It was Augustus who first realized that the Roman Empire could not go on expanding for ever. Horace could write
Caelo tonantem credidimus Iovem
Regnare; praesens Divus habebiiur
Augustus adiectis Britannis
Imperio gravibusque Persis;
but a very real part of Augustus' claim to grateful veneration lay in the fact that he made up his mind to leave Britons and Parthians alone—to seek in them not new subjects, but peaceful and respectful neighbours. Coercere intra terminos imperium was the advice he left to his successors; and in principle they never departed from it.
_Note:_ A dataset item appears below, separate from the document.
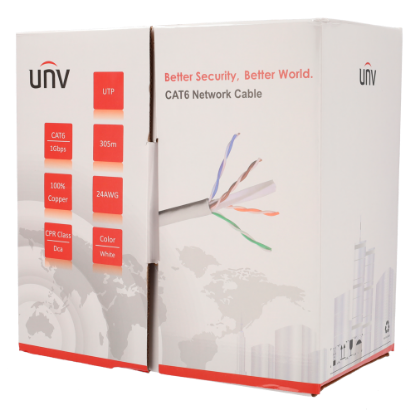 Billede af CAT6E U/UTP, cat 6, 24AWG, LSZH, 100% Cu, Eca, CE, 305m, Hvid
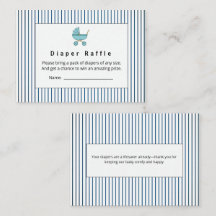 Modern & Minimalistisk Blå Vagn Blöja Lotteri En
Claudius might conquer Britain, Trajan Mesopotamia and Dacia; but these were “rectifications,” as we say nowadays, not obliterations, of the imperial frontier.
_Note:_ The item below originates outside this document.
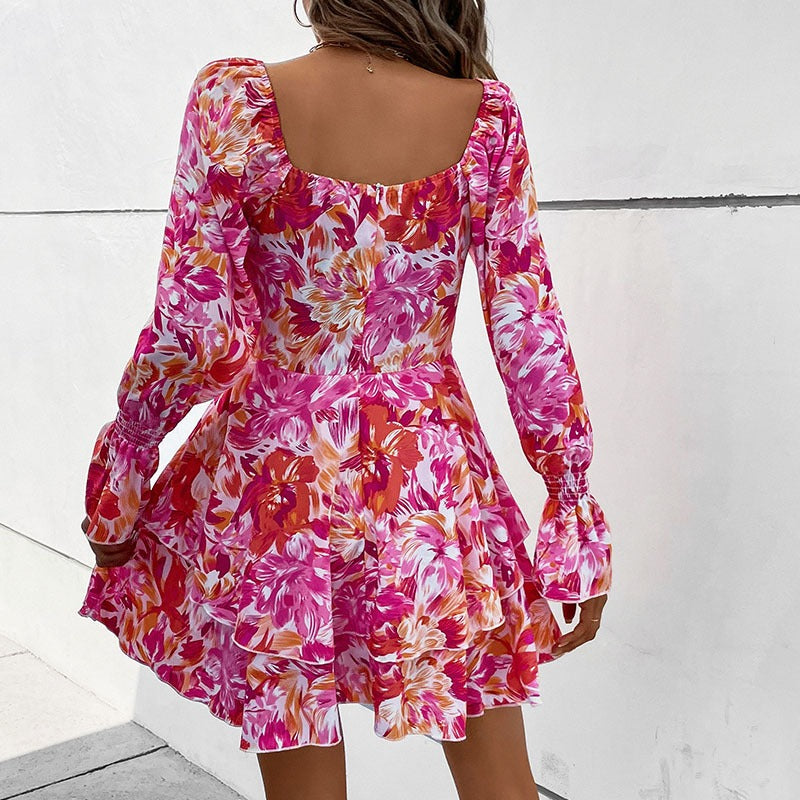 New Fashion European and American Womens Square Neck Printed Ruffle Sleeve Slim Fit Dress - E-Esther Clothing Store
For the frontier of the Empire, as Augustus left it, was far from perfect. Tiberius, concerned above all to maintain intact the system created by Augustus, played here, as everywhere, a waiting game, and did not meddle with the Augustan frontiers. But his successor Gaius, or “Caligula,” may have contemplated a conquest, or at least an invasion, of Britain; he certainly made a demonstration on the shore of the Channel. And Claudius, the fourth Emperor, took the decisive step. Britain and Gaul were too close together, too intimately linked by geography, blood and civilization, to permit of an unfortified Channel frontier. Southern Britain was already in part Romanized, and the flag followed trade.